Тайна академика Фёдорова (Филатов) - страница 17

-            Поздно! Слишком поздно! Ничего не исправить, не повернуть вспять! – часто думалось ему.

И вот, приблизившись к умирающей маме, он как можно ласковее спросил её:

-            Ну, как ты, милая мамочка? Что тебя сейчас беспокоит? Что тебе дать?

-            Укрой меня потеплее, сыночек. Очень холодно в комнате.

Фёдоров взглянул на термометр: 25 С. Куда уж теплее! Он осторожно накрыл больную ещё одним одеялом, перекинув его в виде палатки через перекладину, закреп­лённую над спинками кровати. Поставил матери термометр и ушёл в кухню, чтобы глотнуть горячего чая. По дороге взглянул на часы, висевшие над кухонной дверью: начало первого. Значит, опять наступило тринадцатое число. Не любил он этого числа. Вообще, в последние месяцы он стал верить во всякие приметы, предвещавшие что-то плохое. Виктория, жена, сначала посмеивалась над ним. Потом стала поглядывать на него с пониманием и сочувствием, а теперь и сама поддалась наваждению примет и, вроде бы, ничем не обоснованных страхов и опасений.

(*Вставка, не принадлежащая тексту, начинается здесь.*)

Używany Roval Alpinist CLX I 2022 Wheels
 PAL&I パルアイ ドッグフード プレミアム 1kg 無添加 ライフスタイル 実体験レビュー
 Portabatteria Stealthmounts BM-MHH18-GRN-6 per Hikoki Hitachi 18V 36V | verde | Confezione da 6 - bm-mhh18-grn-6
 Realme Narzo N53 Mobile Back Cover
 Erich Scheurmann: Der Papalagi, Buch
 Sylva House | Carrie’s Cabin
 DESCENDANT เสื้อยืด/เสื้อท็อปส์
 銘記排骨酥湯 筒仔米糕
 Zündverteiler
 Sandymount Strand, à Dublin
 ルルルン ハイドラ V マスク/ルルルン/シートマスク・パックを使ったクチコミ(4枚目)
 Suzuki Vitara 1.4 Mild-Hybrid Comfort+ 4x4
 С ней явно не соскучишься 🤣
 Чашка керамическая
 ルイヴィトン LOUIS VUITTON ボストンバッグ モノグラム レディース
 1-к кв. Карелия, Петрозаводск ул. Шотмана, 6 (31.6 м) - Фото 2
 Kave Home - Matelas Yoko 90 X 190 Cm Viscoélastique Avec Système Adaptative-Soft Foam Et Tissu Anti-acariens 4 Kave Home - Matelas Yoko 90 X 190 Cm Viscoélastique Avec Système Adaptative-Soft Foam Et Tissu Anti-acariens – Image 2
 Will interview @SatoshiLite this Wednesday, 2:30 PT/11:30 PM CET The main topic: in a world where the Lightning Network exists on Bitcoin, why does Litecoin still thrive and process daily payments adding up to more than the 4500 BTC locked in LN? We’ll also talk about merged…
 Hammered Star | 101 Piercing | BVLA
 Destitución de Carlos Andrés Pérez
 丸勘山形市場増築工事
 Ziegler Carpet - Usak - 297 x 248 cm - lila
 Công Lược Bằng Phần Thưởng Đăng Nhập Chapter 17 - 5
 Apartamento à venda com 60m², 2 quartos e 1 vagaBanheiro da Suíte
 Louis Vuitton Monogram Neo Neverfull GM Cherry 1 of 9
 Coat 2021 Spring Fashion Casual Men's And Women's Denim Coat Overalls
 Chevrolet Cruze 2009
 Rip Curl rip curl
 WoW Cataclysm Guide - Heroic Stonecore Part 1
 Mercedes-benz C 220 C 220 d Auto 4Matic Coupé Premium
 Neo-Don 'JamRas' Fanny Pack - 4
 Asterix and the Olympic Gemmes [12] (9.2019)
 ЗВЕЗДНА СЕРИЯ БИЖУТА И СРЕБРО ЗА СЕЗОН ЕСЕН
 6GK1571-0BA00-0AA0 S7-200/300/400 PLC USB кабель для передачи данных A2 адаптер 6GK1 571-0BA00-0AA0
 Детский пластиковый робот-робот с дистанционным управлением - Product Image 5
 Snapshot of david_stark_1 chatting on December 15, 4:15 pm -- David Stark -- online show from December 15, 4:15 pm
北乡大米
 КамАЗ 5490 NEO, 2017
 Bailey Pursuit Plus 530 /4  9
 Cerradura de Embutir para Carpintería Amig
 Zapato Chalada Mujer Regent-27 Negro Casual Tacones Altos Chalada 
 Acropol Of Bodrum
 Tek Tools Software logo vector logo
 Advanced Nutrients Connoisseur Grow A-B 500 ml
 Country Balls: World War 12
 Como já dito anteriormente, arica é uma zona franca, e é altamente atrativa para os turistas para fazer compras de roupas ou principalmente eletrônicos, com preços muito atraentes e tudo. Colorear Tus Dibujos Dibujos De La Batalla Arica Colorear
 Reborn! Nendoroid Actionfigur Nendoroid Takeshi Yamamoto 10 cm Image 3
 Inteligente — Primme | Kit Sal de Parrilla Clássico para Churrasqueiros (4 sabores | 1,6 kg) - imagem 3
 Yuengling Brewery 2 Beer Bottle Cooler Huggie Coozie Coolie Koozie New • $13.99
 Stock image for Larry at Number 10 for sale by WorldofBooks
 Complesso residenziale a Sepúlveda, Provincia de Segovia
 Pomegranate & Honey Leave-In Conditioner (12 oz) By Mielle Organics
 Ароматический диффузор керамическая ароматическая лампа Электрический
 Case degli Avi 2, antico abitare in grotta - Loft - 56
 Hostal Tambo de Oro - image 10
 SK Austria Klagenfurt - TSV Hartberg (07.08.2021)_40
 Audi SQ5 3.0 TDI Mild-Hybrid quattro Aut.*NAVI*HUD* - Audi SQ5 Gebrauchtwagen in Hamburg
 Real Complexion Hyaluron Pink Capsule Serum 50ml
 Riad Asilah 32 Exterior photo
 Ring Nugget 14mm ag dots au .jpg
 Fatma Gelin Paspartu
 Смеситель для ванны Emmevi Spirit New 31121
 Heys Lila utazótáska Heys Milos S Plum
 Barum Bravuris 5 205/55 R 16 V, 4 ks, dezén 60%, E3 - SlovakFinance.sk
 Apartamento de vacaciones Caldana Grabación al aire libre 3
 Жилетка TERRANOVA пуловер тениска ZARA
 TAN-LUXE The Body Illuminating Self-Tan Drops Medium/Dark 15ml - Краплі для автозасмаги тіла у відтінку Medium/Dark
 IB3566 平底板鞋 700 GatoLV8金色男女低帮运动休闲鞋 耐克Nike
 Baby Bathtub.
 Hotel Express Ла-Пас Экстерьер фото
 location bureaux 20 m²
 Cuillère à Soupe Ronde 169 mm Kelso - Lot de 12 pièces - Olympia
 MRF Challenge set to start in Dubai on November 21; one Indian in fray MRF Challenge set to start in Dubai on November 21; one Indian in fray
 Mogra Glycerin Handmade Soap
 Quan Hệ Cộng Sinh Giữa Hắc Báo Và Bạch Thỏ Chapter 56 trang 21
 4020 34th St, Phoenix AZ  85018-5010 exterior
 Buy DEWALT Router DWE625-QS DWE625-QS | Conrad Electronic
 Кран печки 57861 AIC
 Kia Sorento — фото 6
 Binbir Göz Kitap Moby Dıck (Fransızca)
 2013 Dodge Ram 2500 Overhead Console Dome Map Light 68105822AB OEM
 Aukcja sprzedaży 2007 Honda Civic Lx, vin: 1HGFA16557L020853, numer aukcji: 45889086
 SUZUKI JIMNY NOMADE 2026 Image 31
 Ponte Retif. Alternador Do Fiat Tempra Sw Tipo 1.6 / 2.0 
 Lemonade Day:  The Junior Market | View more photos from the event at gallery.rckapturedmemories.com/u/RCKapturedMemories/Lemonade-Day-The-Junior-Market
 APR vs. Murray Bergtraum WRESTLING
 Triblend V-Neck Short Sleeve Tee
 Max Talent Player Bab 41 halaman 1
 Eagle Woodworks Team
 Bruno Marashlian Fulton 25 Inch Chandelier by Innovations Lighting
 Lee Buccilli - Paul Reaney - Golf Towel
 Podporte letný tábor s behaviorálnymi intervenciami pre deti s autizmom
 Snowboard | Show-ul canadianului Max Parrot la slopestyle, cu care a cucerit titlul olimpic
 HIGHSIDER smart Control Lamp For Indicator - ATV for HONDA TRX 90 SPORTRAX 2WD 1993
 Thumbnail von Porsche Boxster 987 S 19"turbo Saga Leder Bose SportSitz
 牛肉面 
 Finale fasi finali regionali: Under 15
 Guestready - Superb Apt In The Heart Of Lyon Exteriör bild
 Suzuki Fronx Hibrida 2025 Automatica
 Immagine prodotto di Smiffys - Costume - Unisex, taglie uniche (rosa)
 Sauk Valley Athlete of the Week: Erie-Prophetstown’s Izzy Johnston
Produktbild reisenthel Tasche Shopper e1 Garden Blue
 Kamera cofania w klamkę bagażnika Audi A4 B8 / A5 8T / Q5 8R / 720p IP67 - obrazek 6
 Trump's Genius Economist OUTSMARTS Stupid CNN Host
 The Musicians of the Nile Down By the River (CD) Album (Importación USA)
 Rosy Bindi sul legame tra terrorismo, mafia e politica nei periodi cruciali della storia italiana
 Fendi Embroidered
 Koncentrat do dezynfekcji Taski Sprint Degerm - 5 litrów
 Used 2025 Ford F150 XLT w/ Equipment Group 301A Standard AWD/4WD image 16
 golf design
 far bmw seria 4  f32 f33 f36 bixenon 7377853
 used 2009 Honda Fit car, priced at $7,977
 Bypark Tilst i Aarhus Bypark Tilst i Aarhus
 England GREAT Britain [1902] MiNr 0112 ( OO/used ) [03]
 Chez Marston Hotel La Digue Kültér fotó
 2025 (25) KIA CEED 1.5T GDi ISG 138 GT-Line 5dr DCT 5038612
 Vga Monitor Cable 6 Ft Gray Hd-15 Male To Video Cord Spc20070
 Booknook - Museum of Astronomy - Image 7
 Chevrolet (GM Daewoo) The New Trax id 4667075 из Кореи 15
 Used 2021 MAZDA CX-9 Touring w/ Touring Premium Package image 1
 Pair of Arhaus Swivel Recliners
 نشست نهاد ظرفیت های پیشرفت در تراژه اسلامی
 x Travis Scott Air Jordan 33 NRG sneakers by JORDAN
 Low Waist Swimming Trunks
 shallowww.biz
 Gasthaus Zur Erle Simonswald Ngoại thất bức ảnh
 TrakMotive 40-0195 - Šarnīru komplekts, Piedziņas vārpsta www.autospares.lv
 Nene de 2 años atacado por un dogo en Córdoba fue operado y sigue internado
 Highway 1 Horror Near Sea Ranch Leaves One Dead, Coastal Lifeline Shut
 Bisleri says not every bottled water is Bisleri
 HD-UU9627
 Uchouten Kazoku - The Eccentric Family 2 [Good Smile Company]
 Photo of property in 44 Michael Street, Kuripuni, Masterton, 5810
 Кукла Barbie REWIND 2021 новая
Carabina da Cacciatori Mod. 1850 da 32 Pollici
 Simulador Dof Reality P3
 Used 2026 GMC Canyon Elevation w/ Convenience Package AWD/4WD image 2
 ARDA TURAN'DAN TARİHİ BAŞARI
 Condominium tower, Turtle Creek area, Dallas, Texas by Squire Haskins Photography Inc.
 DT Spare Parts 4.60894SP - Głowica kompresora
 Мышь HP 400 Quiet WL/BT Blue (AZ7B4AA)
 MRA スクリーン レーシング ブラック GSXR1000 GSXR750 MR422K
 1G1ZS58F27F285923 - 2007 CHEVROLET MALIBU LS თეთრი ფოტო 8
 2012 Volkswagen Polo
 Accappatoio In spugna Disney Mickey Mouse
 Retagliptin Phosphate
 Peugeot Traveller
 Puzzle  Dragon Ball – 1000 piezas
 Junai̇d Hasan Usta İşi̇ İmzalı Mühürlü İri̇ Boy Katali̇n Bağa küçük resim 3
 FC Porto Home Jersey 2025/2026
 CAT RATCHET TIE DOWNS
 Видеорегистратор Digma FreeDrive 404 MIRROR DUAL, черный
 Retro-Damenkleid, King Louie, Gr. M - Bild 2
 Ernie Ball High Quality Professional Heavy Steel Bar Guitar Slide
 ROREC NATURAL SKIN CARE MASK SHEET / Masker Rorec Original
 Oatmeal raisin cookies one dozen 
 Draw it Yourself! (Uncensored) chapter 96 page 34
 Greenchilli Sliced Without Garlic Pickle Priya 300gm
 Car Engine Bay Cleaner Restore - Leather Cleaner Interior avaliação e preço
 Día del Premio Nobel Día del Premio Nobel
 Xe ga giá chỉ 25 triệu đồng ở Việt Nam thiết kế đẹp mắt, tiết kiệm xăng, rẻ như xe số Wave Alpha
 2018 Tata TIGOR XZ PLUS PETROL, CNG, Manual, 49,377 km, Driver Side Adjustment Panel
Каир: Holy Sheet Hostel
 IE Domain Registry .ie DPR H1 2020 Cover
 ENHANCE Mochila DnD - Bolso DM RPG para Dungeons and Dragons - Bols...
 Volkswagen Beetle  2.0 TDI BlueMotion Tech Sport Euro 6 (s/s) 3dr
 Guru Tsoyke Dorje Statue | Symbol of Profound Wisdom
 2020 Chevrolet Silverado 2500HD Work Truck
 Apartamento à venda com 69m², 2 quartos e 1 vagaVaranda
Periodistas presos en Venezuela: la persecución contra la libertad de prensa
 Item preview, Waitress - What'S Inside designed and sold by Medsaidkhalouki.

Выпив чая, Алексей Витальевич почувствовал себя бодрее. Он вернулся в комнату матери, взял у неё термометр, простоявший четверть часа, и поднёс его к зеленоватому свету люминесцентного ночника. Термометр, сбитый до тридцати четырёх градусов, не согрелся ни на одну десятую. Фёдоров похолодел. Он слишком хорошо понимал, что это значит.

-            Мама, мама! – бросился он опять к матери, обнял её за шею, почувствовав нежный, знакомый с детства, приятный запах её волос.

-            Лёшечка, я спать хочу. Зачем ты меня будишь? Иди, сыночек, отдохни и ты немного…

Это были последние слова, которые профессор Фёдоров услышал от своей матери. Он зашёл в спальню, чтобы разбудить жену: она вчера вышла в отпуск, почему– то решив взять его в это неудобное время. Но Виктория Петровна уже не спала: она всё слышала, всё понимала. Поэтому и взяла отпуск. Поднявшись со вздохом с постели и накинув свой голубой фланелевый халатик, она прошла в комнату Ольги Алексеевны, наклонилась над ней и тут же, не говоря ни слова, включила яркую верхнюю лампу.

-            Вика! Что ты делаешь? Зачем будить маму? Она только что заснула.

-            Да. Она заснула, Лёша. Навсегда.

Но это было ещё не так. За те несколько минут, которые Фёдоров провёл вне этой комнаты, наступило резкое ухудшение. У Ольги Алексеевны появилось так называемое дыхание Чайн-Стокса, то есть предсмертное. Она уже не могла произнести ни одного слова, хотя и явно силилась сказать что-то очень и очень важное. Когда супруги Фёдо­ровы подошли к Ольге Алексеевне, она, освещённая ярким светом лампы в простеньком абажуре, висевшей как раз над кроватью, сделала вдруг глубокий, нормальный вдох, широко раскрыла свои зеленоватые, хотя и поблекшие глаза. В них опять, как прежде, светились ум, доброта, понимание. Ольга Алексеевна опять попыталась заговорить. Это ей не удалось. Тогда она пристально, как бы что-то требуя, посмотрела сначала на Викторию, потом на Алексея, показала взглядом на руки обоих, поддерживающие её, и с хрипом выдохнула последний раз в жизни.